Nas fontes missionárias e inquisitoriais que se referem às Santidades, há uma polissemia de sentidos e significados, há também uma pluralidade de percepções e experiências desveladas pelos povos indígenas que construíram, adeririam e propagaram estes movimentos. Na carta anual dos jesuítas de 1585, a palavra Sanctitas, em latim, foi empregada “para se referir a uma experiência religiosa – o estado de exaustão ou a loucura que os seguidores da Santidade de Jaguaripe alcançavam através de seus rituais” (METCALF, 1999, p. 1545). Nesse sentido, a Santidade também serviu para caracterizar o estado de espírito em que se encontravam os adeptos do culto ao defumarem a erva santa. Descreve a carta anual: “Quando essas agitações são seguidas pelo silêncio de cansaço e, finalmente, eles são lavados com água e santificados [sanctus], e quem quer que tenha produzido os sinais mais horríveis é visto como o que atingiu maior santidade [Sanctitas] (Carta ânua, 1585 apud. METCALF, 1999, p. 1545).
Alida Metcalf esclarece que “nas fontes da Inquisição, Santidade também tem um significado religioso. Ao longo das fontes, refere-se tanto para o nome da seita ou ao estado de êxtase religioso realizado pelos crentes”. Esse significado é identificado nos testemunhos dos denunciantes e confidentes que “usaram Santidade para nomear a seita, mas qualificaram o uso da palavra”. O mameluco Gonçalo Fernandes teria afirmado “que Santidade era o nome que os crentes deram a sua religião: ele se referiu a ‘seu abuso [abusão] e idolatria que eles chamavam de Santidade’”. Ao referir-se “ao estado alcançado pelos crentes depois de beber o fumo sagrado, orando e falando em sua língua ‘inventada’”, Fernandes também empregou o termo Santidade (Idem, p. 1545-1546).
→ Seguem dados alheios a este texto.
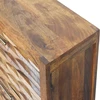 Artisan Furniture Wavefront mango medienos spintelė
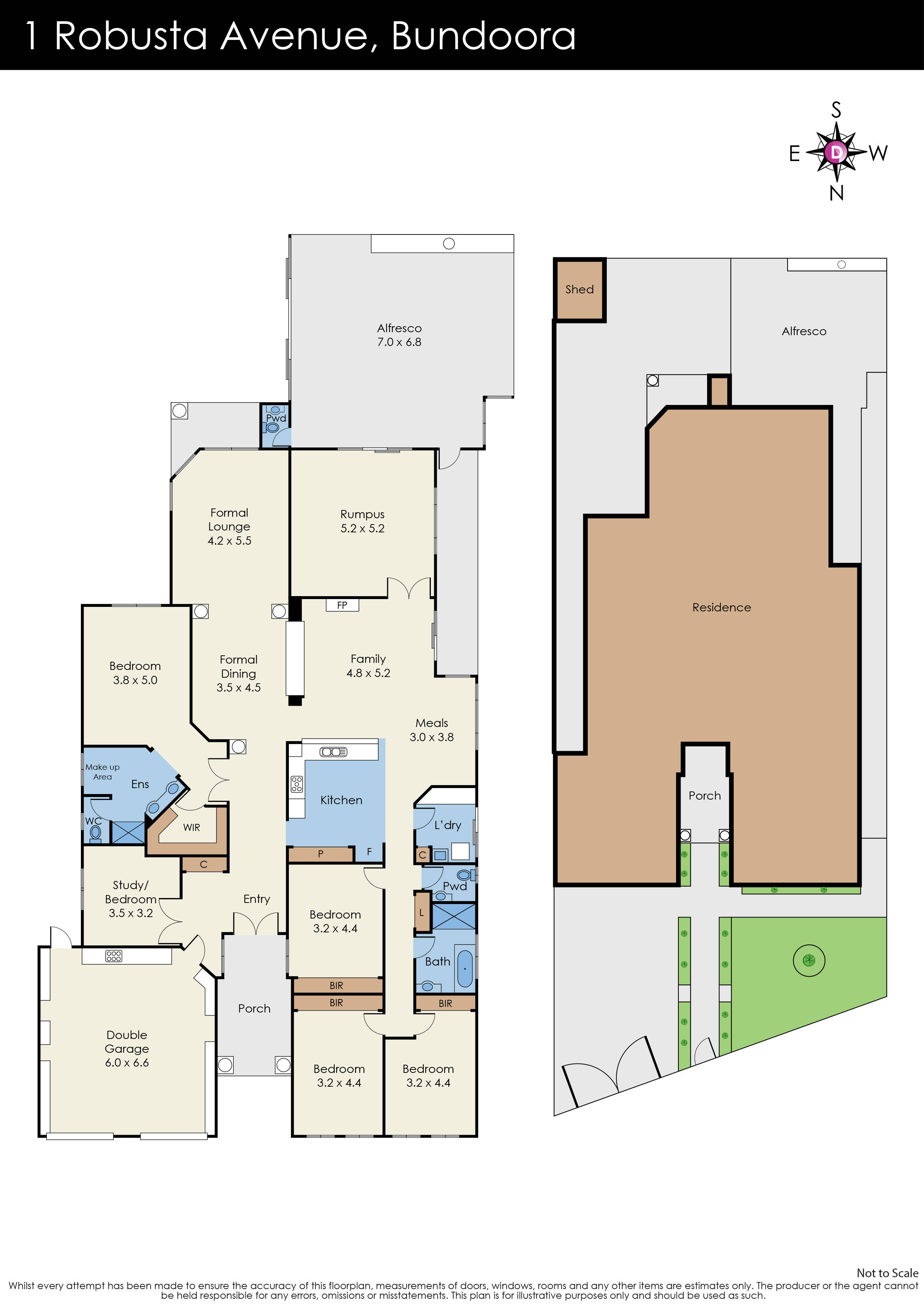 1 Robusta Avenue, Bundoora, VIC 3083 - Thumbnail 1 - 10/04/2024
Assim descreveu o mameluco: “eles beberam a referida fumaça, até que caíam bêbados com ela, dizendo que com a fumaça o espírito da Santidade entrava neles” (CONFISSÕES, 1997 [1592], p. 72). Através da defumação, que levava o devoto ao alcance da Santidade, era possível acessar um “fogo novo”, ou tempo novo. A possibilidade de um novo mundo era experenciada nesses cultos.
O alcance ou a restauração da terra sem males estaria sempre no horizonte cosmológico dos povos tupi-guaranis e seria com as suas cerimônias, seus rituais, crenças e modos de vida que eles poderiam reconstruí-la ou chegar em sua morada. Essa possibilidade era discernida coletivamente e nas relações recíprocas.
As notícias sobre a mais documentada Santidade começaram a circular por volta de 1580 quando Antônio Tamandaré, um caraíba, que era um líder espiritual, mas que em determinados contextos também agregava liderança política, fugiu de um aldeamento jesuítico em Tinharé, na região de Cairu, para o sertão do Orobó, localizado no centro-norte da Bahia entre os atuais munícipios de Ipirá, Itaberaba e Serra Petra. Neste sertão, Antônio começou a propagar sua mensagem contra a catequese e acabou por atrair muitos outros indígenas, que construíram uma comunidade na qual desfrutavam de certa liberdade para prática de cultos, ritos e costumes que invertiam o catolicismo aprendido nos aldeamentos. Era um processo de apropriação, mas sobretudo de contestação, dado o contexto em que estavam inseridos, já que a maioria dos membros desta Santidade eram fugitivos de aldeamentos e fazendas de engenhos, esses últimos majoritariamente escravizados tanto da terra (escravizados indígenas) quanto de Guiné (escravizados africanos). Após algum tempo a Santidade foi transferida para o engenho do senhor de engenho Fernão Cabral de Ataíde, que prometeu terras para os indígenas que descessem para a sua fazenda.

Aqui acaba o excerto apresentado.